Om onze studenten goed voor te bereiden op het leven en werken in een steeds internationaler wordende maatschappij willen we hier ook in de opleiding aandacht aan besteden. Het introduceren van het Engels als instructietaal is hier een onderdeel van. Studenten leren hiervoor communiceren op hun vakgebied in het Engels en daarnaast kunnen we door Engels als instructietaal te hanteren ook een plek bieden aan studenten uit andere delen van de wereld. Op dit moment is het percentage internationale studenten in zowel de bachelor als de master 25-30%, een mooi aantal wat de opleiding betreft. Om de integratie van de Nederlandse en internationale studenten te bevorderen verdelen we de internationale studenten over de projectgroepen. Daarnaast wordt een workshop over culturele verschillen aangeboden als onderdeel van de faculteits kick-in. Je ziet dat dit eigenlijk vanaf de introductie al prima verloopt en dat studenten veel van elkaar leren. En ook wij als staf doen nieuwe inzichten op.

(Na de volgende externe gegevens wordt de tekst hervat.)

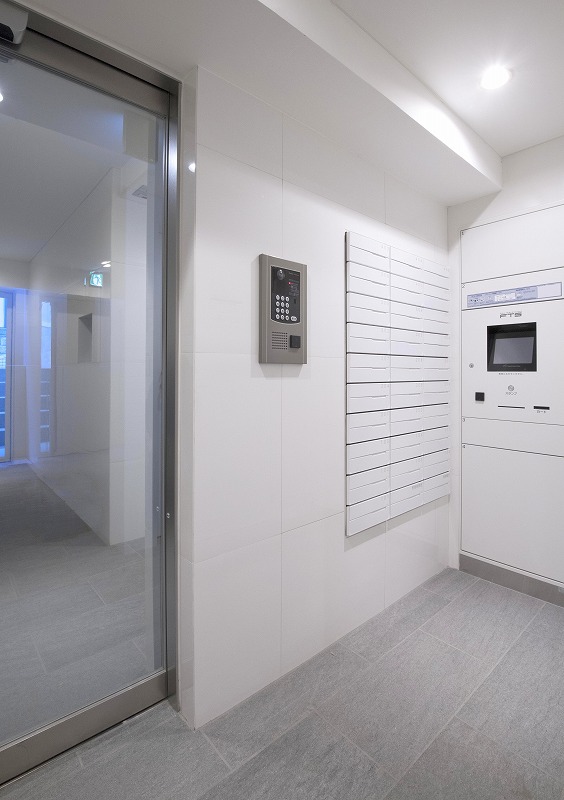 プレミアムキューブ下北沢2階 外観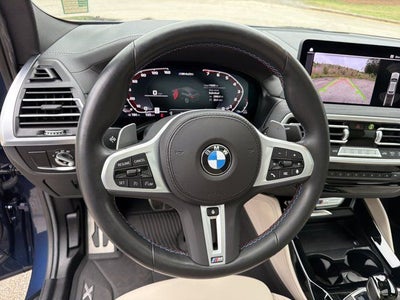 2023 BMW X4 M40i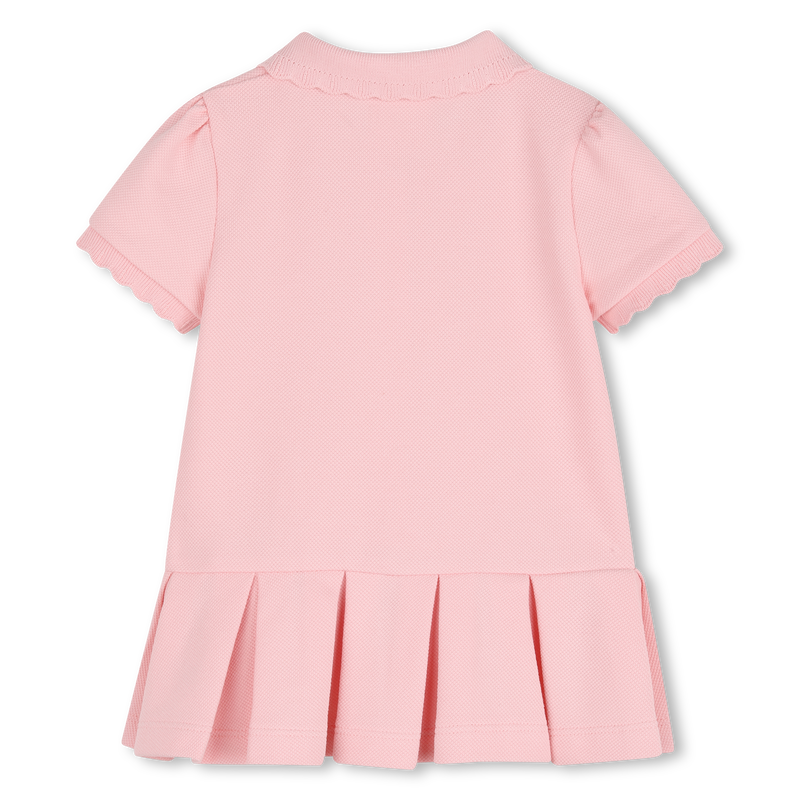 Vestido de manga corta GIVENCHY 
                        NI&Ntilde;A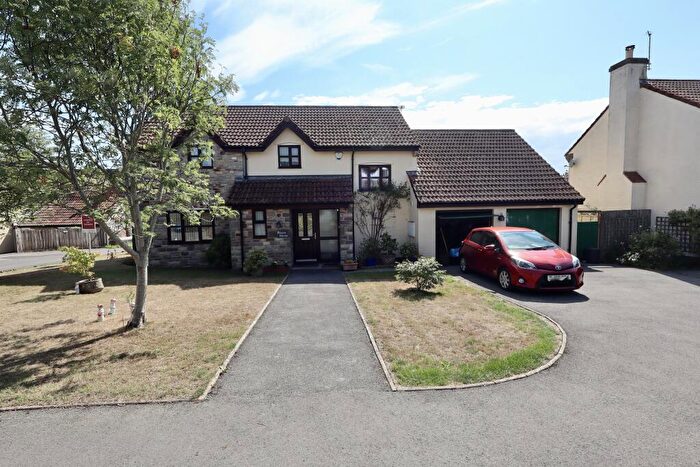 4 Bedroom Detached House For Sale In Hannahs Lane, Westbury-Sub-Mendip, BA5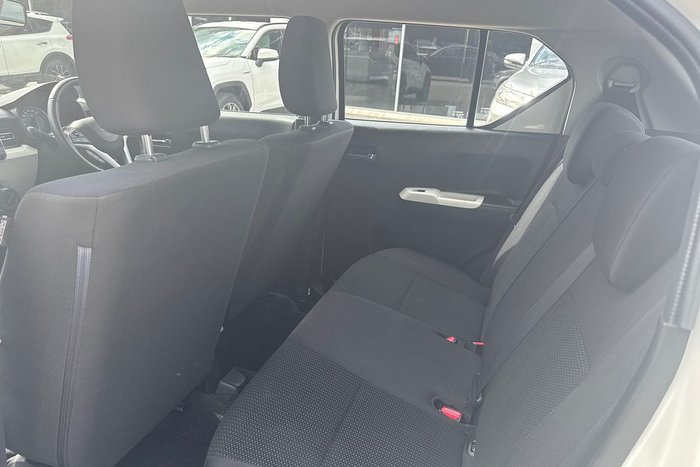 2017 Suzuki Ignis GL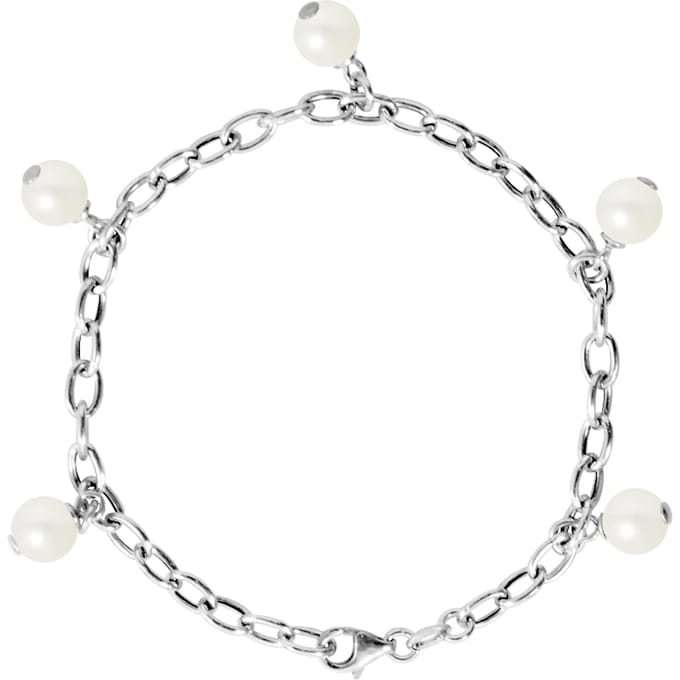 Braloque Armband Water Cultuur Mooi Zilver 925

Een derde onderdeel is (naast de Engelstaligheid en culturele integratie) de internationalisering van het curriculum. Bij module 2 en 3 die gaan over analyse en ontwerp van een zonne-energie installatie proberen we studenten te laten zien hoe de culturele setting (de installatie wordt ontworpen voor een ander land) van invloed kan zijn op het uiteindelijke ontwerp. Engelstaligheid is voor de opleiding geen doel op zich, maar een middel om internationalisering van de opleiding mogelijk te maken en onze studenten goed voor te bereiden op een veranderende arbeidsmarkt.

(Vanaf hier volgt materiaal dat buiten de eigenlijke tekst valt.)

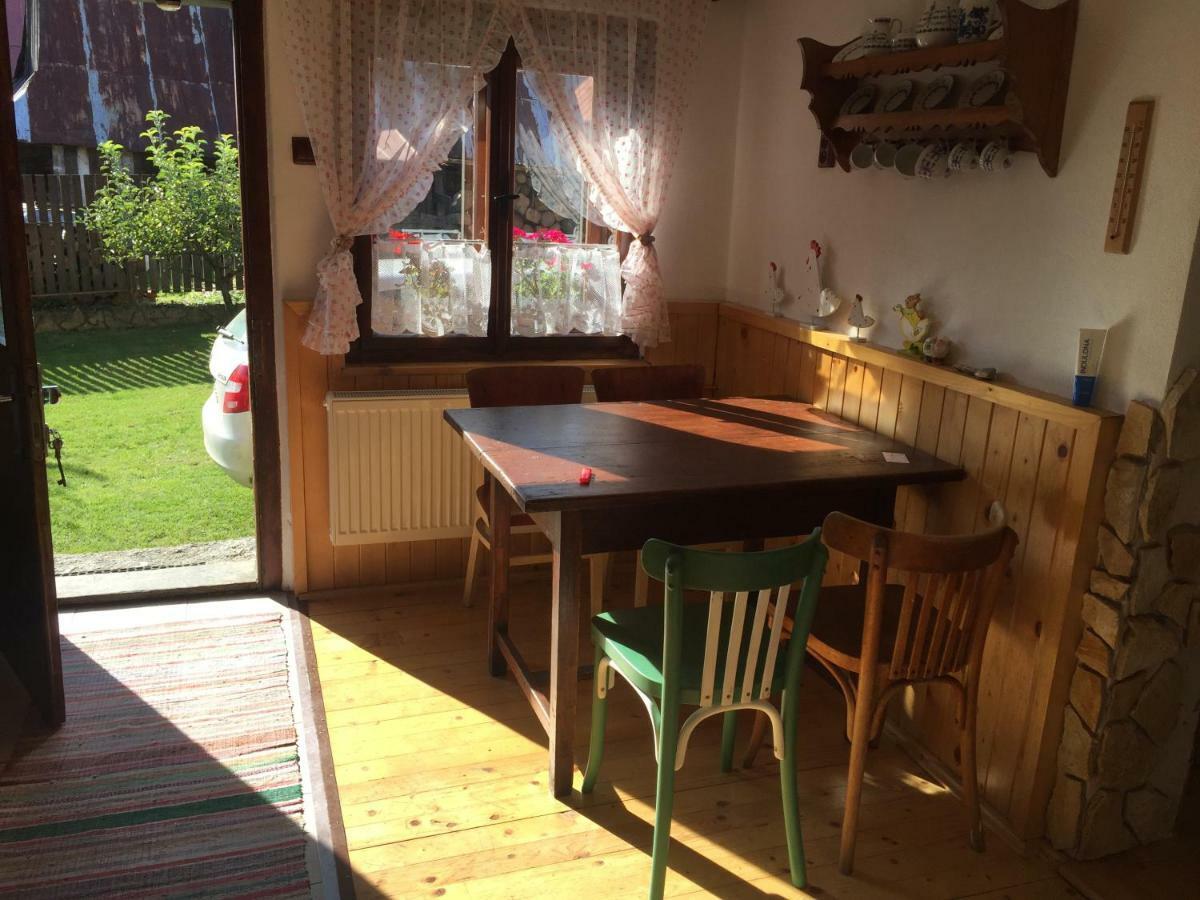 Drevenicka 110 Villa Zázrivá Eksteriør billede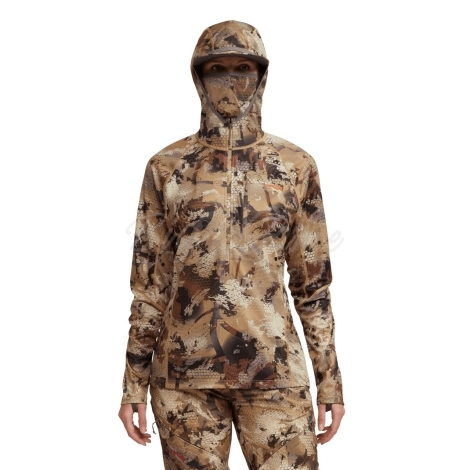 Худи SITKA WS Core Lt Wt Hoody цвет Optifade Marsh фото 6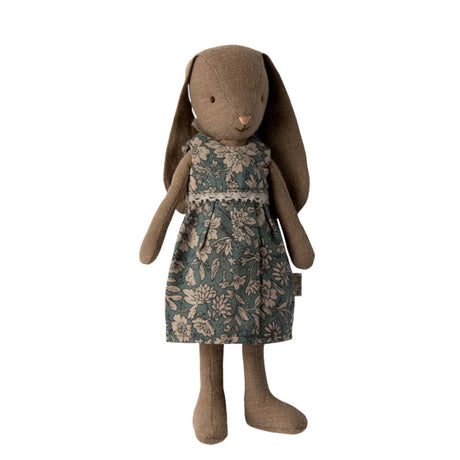 Maileg Bunny in Flower Dress, Size 1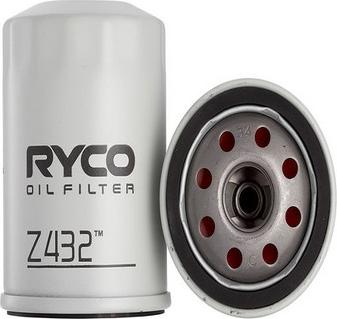 GCG Turbos Australia RY-Z432 - Alyvos filtras autoreka.lt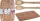 Vágódeszka Bambusz Kiszedő Kanállal 784230280 (12/#)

Kritische argumenten van twee Principia-alumni
Alumni hebben in hun opleiding geleerd om kritisch te zijn. Dit – gecombineerd met de nodige ervaring in de professionele wereld – heeft ertoe geleid dat wij ons soms een afwijkend standpunt permitteren.
Kwaliteit van de het onderwijs
Bij de voorbereiding van de Principia Master-Lunchlezing werd onlangs besloten om voor Nederlands te kiezen en niet voor Engels. Het doorslaggevende argument was dat het overdragen van ervaringen en vooral van belevingen (enthousiasme, motivatie, emotie) nu eenmaal beter gaat in je “moerstaal”.
Kennen we niet allemaal die hoorcolleges waar we grote moeite hadden om de docent te volgen? Wanneer je probeert je grenzen te verleggen moet je vaak op je tenen moet lopen. Wanneer dit in het Nederlands al moeilijk was, hoe zou dit dan gegaan zijn in het Engels?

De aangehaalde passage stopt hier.